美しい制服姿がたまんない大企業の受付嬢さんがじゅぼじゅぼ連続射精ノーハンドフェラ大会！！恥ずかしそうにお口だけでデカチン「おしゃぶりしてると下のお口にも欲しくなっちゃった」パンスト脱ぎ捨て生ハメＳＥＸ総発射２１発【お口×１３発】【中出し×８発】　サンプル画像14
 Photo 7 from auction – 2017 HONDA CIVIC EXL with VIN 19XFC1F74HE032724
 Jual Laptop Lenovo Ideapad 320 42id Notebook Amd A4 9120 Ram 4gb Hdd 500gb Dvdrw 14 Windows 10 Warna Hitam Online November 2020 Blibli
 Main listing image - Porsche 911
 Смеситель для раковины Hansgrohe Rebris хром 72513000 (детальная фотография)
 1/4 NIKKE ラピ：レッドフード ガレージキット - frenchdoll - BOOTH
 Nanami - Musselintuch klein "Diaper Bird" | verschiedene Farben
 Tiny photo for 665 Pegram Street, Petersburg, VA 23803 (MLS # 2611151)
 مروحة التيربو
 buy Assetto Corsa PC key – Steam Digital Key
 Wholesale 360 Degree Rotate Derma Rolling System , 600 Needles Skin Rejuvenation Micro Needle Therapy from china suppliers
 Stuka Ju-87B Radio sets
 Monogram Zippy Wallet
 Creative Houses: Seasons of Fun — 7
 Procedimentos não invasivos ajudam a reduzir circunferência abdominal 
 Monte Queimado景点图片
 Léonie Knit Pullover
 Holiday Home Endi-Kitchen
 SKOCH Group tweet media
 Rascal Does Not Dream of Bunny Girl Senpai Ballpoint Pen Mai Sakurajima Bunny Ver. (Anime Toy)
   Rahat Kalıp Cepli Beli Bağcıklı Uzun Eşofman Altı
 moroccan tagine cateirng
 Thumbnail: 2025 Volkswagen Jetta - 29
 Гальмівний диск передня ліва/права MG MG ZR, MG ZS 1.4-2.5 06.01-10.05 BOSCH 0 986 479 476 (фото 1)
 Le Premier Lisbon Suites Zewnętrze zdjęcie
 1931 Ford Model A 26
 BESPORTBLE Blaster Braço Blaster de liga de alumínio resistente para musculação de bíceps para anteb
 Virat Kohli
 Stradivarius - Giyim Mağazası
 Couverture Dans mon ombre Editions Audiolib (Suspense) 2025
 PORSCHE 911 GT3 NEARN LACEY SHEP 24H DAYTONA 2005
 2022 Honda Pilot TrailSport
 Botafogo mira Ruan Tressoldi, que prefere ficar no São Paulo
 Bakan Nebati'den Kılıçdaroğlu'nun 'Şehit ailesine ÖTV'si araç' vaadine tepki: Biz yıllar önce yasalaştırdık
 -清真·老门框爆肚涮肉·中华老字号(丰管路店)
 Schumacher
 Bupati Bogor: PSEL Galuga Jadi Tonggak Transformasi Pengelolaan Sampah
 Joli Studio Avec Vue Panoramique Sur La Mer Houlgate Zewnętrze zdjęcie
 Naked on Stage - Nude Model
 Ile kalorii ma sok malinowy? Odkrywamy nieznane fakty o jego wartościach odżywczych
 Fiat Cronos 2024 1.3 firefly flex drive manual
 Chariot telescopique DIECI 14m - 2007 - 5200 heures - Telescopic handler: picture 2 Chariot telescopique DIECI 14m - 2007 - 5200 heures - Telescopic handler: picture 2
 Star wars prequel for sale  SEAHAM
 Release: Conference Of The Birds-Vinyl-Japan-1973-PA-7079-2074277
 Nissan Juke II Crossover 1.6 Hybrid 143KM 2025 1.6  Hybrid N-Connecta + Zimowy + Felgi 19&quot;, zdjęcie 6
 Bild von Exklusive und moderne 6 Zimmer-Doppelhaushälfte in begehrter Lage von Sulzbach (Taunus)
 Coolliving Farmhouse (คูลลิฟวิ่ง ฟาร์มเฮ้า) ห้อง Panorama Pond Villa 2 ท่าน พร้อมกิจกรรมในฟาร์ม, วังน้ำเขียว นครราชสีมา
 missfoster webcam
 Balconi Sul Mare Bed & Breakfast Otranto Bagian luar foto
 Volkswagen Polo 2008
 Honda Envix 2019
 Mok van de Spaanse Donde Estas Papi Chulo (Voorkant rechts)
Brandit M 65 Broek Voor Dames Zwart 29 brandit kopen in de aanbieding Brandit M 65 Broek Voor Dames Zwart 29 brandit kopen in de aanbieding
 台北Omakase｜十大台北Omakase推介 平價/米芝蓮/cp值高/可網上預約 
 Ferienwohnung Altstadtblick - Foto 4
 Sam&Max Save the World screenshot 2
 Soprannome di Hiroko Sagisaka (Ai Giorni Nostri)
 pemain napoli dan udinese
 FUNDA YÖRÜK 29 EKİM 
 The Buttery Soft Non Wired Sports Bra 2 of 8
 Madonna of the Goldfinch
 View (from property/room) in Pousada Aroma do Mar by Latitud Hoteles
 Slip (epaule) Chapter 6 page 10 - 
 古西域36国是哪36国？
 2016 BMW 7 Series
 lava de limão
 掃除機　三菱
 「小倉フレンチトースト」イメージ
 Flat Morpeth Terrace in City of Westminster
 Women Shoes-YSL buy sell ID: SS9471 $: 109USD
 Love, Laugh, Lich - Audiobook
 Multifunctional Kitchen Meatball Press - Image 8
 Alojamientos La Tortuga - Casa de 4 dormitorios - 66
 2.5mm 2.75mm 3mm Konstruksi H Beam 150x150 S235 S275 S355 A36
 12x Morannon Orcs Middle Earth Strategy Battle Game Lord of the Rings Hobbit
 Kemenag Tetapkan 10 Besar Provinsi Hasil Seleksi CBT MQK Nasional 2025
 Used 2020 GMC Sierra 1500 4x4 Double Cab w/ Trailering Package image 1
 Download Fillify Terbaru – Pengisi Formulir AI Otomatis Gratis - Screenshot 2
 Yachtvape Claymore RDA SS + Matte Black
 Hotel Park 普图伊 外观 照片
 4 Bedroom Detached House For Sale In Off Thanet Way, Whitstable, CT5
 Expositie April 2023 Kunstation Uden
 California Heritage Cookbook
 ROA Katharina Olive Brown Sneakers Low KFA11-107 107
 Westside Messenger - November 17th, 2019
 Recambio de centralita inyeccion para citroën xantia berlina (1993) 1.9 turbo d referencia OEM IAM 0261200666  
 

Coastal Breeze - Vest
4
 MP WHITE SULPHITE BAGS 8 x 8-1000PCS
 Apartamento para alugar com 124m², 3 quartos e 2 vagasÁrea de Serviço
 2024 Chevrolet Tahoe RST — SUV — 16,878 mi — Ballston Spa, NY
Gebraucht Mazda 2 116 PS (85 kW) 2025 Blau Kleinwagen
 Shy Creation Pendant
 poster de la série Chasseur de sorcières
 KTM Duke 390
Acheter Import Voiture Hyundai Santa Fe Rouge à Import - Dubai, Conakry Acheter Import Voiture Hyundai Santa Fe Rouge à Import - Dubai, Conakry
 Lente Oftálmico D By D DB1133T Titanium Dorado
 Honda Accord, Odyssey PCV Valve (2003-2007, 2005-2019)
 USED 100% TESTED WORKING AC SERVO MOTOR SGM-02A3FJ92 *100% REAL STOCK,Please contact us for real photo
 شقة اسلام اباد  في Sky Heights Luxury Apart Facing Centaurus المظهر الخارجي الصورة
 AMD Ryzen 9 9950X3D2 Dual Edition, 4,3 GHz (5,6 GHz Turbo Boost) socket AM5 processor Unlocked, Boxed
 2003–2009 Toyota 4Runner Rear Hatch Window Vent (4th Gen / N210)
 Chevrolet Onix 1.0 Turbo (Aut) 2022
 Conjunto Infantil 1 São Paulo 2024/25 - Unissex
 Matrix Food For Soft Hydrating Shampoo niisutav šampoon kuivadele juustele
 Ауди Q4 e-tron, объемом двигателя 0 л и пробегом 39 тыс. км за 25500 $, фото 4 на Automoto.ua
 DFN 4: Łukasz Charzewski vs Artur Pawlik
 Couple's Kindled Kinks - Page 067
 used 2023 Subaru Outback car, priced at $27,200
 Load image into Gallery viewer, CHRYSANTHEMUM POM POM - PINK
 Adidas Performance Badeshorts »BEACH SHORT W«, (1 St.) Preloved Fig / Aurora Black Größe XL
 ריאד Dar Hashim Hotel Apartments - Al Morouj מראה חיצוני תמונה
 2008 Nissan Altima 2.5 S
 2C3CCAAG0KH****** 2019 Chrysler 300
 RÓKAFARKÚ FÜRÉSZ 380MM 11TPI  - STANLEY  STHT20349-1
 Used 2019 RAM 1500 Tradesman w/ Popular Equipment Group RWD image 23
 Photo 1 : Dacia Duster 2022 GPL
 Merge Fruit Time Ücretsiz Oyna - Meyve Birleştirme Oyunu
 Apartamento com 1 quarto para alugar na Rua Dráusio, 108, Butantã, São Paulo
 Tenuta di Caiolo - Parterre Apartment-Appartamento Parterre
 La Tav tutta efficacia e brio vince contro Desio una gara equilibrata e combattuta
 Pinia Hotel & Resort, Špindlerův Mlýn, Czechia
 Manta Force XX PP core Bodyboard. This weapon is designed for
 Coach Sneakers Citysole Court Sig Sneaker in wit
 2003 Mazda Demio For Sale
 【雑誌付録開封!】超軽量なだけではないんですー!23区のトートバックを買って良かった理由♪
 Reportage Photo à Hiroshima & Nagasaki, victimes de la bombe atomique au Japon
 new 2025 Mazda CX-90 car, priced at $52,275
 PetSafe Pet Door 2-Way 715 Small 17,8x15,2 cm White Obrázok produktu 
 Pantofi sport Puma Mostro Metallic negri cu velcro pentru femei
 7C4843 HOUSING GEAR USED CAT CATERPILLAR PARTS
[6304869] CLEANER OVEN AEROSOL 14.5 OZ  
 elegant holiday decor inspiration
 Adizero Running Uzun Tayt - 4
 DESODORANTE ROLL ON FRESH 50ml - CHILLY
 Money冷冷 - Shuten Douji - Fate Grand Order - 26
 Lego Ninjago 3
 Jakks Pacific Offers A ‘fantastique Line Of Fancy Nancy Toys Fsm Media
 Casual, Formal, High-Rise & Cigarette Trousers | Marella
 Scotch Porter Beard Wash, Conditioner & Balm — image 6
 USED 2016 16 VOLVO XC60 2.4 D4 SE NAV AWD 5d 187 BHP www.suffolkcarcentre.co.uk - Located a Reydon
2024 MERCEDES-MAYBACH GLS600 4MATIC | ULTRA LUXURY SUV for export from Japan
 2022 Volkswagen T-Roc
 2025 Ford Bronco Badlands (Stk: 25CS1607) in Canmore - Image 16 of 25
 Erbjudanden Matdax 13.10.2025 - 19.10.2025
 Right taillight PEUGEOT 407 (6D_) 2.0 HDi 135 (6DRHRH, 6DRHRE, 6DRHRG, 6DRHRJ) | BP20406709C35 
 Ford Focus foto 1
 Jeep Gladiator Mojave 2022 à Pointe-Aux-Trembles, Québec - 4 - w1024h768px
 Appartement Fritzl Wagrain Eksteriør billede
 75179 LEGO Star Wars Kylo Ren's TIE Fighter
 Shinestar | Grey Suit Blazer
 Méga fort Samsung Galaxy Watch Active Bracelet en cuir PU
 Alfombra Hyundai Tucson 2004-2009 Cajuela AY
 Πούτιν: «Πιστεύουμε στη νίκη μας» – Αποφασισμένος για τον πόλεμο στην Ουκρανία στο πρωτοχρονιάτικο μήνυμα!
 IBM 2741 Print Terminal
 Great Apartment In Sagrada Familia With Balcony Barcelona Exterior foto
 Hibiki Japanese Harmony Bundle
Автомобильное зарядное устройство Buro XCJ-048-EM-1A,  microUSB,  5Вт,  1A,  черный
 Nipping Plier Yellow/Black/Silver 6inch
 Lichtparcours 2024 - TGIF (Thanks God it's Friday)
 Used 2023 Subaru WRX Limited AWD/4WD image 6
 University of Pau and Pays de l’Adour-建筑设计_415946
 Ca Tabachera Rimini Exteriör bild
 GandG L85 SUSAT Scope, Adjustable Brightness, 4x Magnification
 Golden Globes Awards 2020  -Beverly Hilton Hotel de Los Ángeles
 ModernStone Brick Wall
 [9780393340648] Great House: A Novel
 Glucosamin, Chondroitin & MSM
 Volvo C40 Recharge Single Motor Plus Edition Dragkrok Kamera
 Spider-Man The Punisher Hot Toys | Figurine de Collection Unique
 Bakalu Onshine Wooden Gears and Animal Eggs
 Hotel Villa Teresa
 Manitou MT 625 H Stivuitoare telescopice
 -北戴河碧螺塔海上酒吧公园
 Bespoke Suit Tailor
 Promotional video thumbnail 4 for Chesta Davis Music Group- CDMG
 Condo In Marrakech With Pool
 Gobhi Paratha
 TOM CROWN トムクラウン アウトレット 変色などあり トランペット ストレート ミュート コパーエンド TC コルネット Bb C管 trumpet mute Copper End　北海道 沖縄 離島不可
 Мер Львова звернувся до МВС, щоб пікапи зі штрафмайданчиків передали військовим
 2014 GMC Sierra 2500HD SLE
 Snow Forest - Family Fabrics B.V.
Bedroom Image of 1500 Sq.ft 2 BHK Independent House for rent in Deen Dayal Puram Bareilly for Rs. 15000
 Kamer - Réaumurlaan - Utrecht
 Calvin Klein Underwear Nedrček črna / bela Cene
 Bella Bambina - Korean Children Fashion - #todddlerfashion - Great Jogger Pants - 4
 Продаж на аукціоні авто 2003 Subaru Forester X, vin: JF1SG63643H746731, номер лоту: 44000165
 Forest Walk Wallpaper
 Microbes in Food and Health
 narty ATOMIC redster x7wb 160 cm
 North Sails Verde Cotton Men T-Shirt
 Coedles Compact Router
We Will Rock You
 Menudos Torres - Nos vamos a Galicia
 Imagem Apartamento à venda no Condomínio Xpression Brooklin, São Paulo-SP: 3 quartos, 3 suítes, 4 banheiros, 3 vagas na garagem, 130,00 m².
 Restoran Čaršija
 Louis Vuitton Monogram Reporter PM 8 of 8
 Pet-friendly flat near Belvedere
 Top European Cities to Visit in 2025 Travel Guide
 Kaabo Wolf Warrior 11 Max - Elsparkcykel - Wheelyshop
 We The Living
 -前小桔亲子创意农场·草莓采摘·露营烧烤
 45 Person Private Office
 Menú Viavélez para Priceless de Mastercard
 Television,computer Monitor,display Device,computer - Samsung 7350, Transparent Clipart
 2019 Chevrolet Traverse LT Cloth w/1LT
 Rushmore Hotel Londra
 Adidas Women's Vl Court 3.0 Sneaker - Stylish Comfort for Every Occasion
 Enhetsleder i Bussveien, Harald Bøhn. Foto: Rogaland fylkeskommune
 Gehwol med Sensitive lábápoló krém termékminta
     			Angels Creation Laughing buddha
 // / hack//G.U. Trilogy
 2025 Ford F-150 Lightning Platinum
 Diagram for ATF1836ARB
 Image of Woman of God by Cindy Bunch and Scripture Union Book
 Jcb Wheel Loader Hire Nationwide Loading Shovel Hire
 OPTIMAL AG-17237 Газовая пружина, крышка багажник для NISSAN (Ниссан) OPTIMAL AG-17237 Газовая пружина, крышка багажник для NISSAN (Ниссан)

What the exercise asks :: From the records above, reproduce exactly the lines from the one with "Tenuta di Caiolo" to the one with "Reportage Photo à", both included, and no others.

Answer ::
 Tenuta di Caiolo - Parterre Apartment-Appartamento Parterre
 La Tav tutta efficacia e brio vince contro Desio una gara equilibrata e combattuta
 Pinia Hotel & Resort, Špindlerův Mlýn, Czechia
 Manta Force XX PP core Bodyboard. This weapon is designed for
 Coach Sneakers Citysole Court Sig Sneaker in wit
 2003 Mazda Demio For Sale
 【雑誌付録開封!】超軽量なだけではないんですー!23区のトートバックを買って良かった理由♪
 Reportage Photo à Hiroshima & Nagasaki, victimes de la bombe atomique au Japon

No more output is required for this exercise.